For its part, the NFL has insisted that many of the grievances are subject to private arbitration clauses in the player’s contracts and do not belong in court. The NFL has also made several other legal arguments:
- Reasonable standard of care – that the NFL was not negligent with regard to player safety;
- Assumption of risk – that the players knew that concussions were ordinary in football and accepted this risk; and
- Contributory/comparative negligence – that the players contributed to their risk and were negligent because they did not promptly report concussions.
Maryland Brain Injury Law
The NFL brain injury lawsuit is an example of how the law can offer help for persons who suffer from brain injuries as a result of the negligence of another person or business. Brain injuries can occur in a variety of circumstances. Like the NFL lawsuit, brain injuries can occur in sports such as football, baseball, hockey, and cheerleading. However, brain injuries can also result from other causes:
- Car accidents;
- Blows to the head;
- Falls or accidents; and
- Physical violence.
In Maryland, the most common legal claim for a traumatic brain injury will be a claim of negligence.
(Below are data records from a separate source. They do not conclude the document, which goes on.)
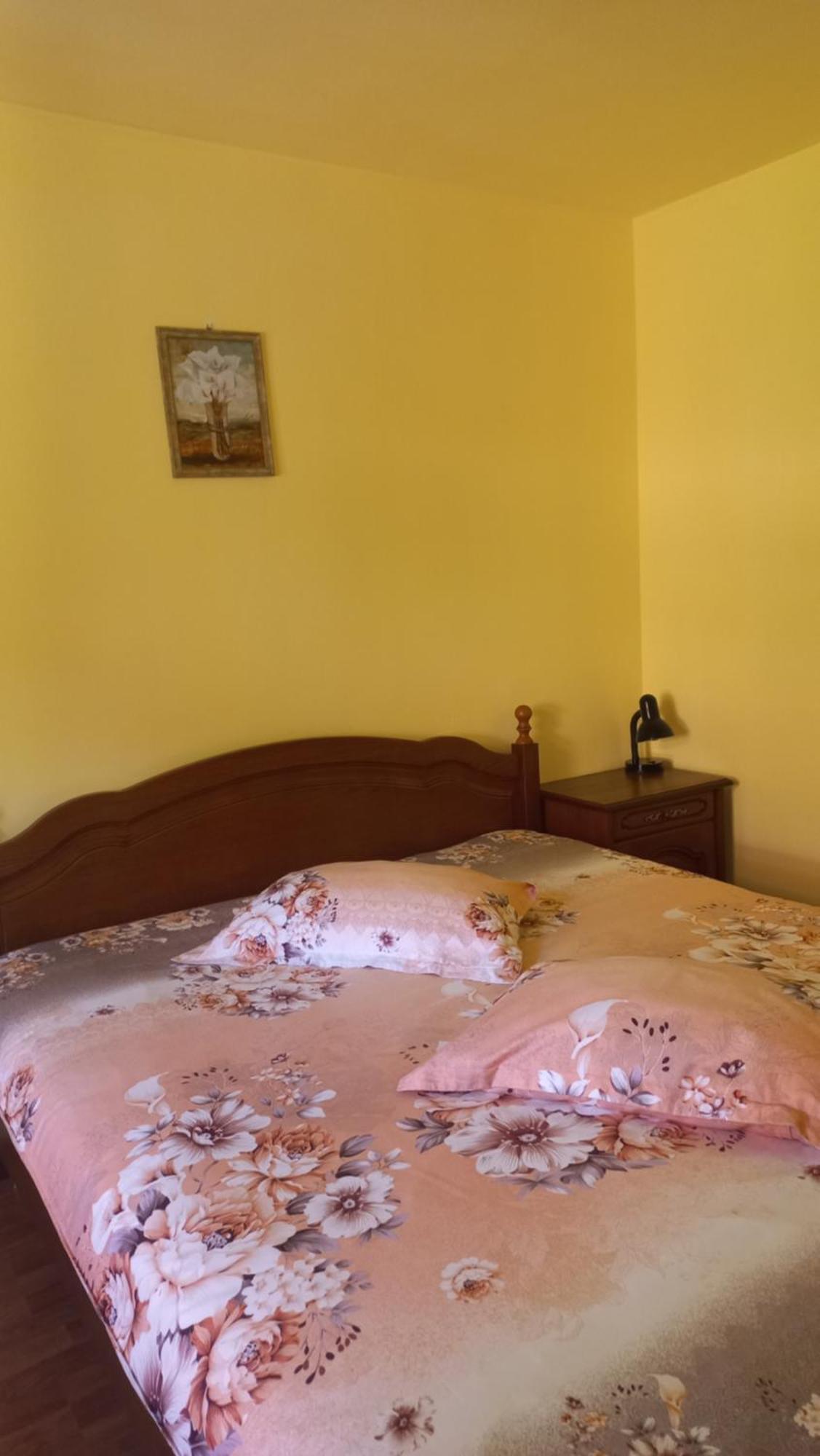 Appartamento Antonella Studio Braşov Esterno foto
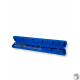 LLAVE MOVER POLEAS 11 PIEZAS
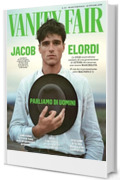 Vanity Fair Italia # 25 | 2025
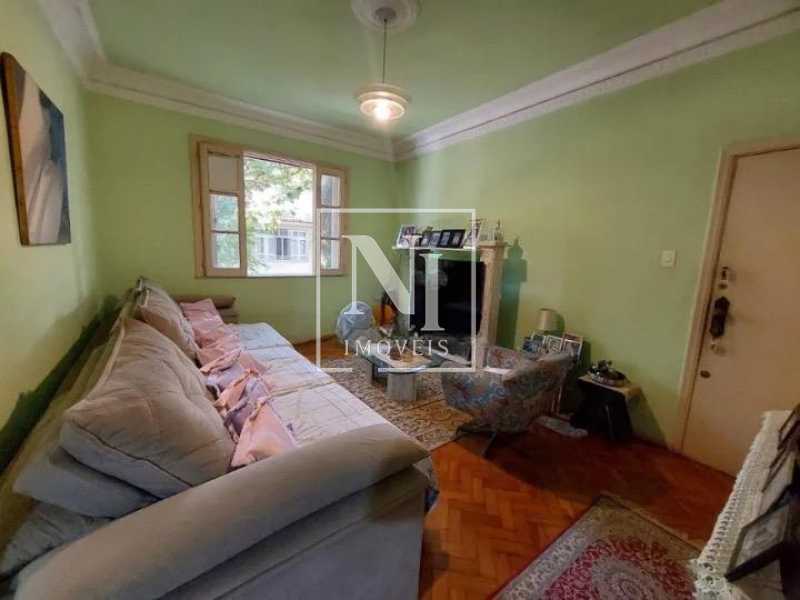 Conheça 9664e2da-79c0-4ead-9f17-3498d7 do imóvel - Apartamento 3 quartos para venda no bairro de Copacabana - PSAP30016 - 2 9664e2da-79c0-4ead-9f17-3498d7 - 2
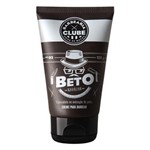 Ficha técnica e caractérísticas do produto Creme para Barbear Beto Navalha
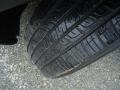 Black Obsidian - EX 35 AWD Photo No. 38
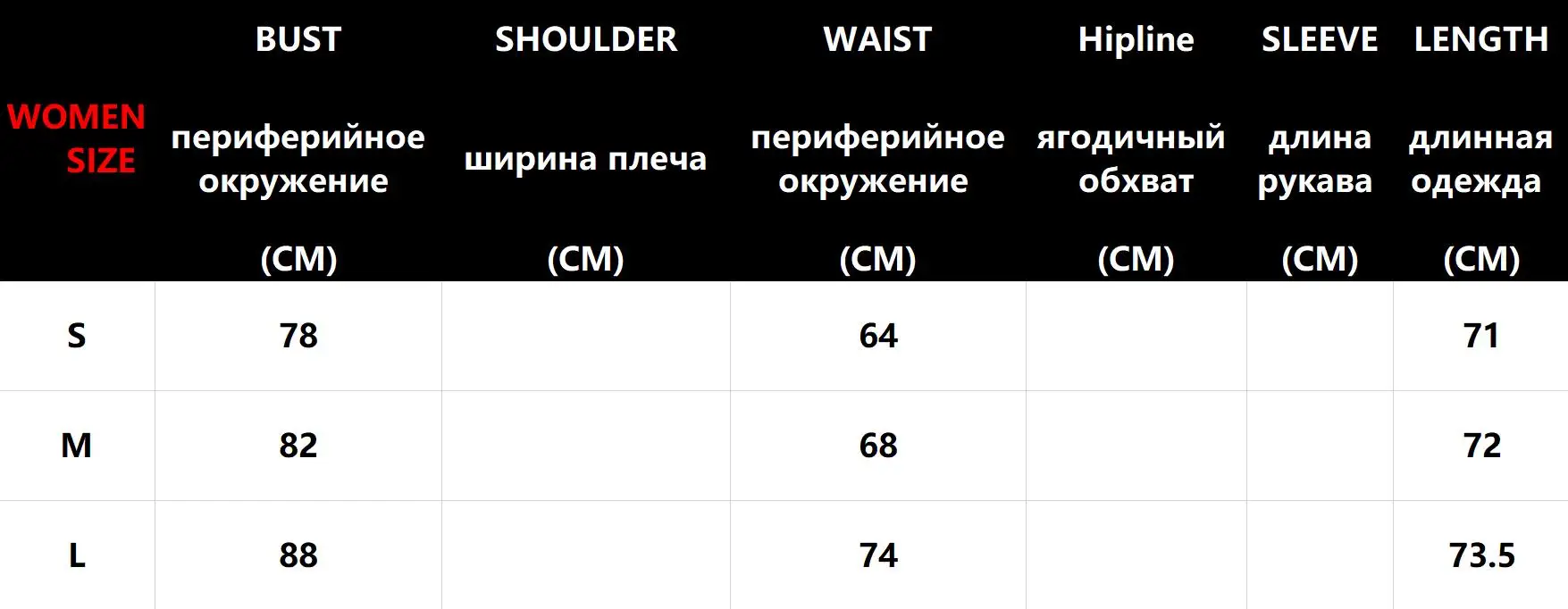 Женская одежда Созвездие вышивка платье Летнее мини винтажное платье женское платье сексуальное платье без рукавов с открытой спиной Vestidos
Negligence can occur, for example, in a slip and fall, a car accident, or a sports injury. In each of these situations, a Maryland resident is owed a duty of care. For example, drivers on the road owe a duty of care to each other to drive safely, a store owner owes a duty to keep floors clean from slippery spills, and a school owes a duty to student athletes to reasonably protect them from injuries. Establishing that there was a duty and that the duty was breached is often the most difficult element of a negligence claim. If you believe that you have suffered a brain injury as a result of negligence, an experienced Maryland personal injury attorney can advise you about how Maryland brain injury law can help you.
In order to succeed on a claim for negligence, the injured person must also establish the breach caused the damages that the injured person has suffered. However, Maryland is a contributory negligence state, which means that if an injured person negligently contributed to their own injury, they will not be able to recover damages for a traumatic brain injury.